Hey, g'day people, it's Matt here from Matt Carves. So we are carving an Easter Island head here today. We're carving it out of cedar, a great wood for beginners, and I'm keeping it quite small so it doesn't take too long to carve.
★ ★ ★
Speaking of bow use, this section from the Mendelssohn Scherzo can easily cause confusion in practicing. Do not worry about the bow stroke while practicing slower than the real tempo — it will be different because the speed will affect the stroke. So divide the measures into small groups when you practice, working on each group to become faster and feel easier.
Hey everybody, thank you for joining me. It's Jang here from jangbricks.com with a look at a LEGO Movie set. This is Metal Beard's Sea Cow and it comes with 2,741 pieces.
★ ★ ★
● **Assignment**
A word-for-word copy of the lines above from the one with "Speaking of bow" through the one with "Hey everybody, thank", inclusive, is the only output wanted.

● **Solution**
Speaking of bow use, this section from the Mendelssohn Scherzo can easily cause confusion in practicing. Do not worry about the bow stroke while practicing slower than the real tempo — it will be different because the speed will affect the stroke. So divide the measures into small groups when you practice, working on each group to become faster and feel easier.
Hey everybody, thank you for joining me. It's Jang here from jangbricks.com with a look at a LEGO Movie set. This is Metal Beard's Sea Cow and it comes with 2,741 pieces.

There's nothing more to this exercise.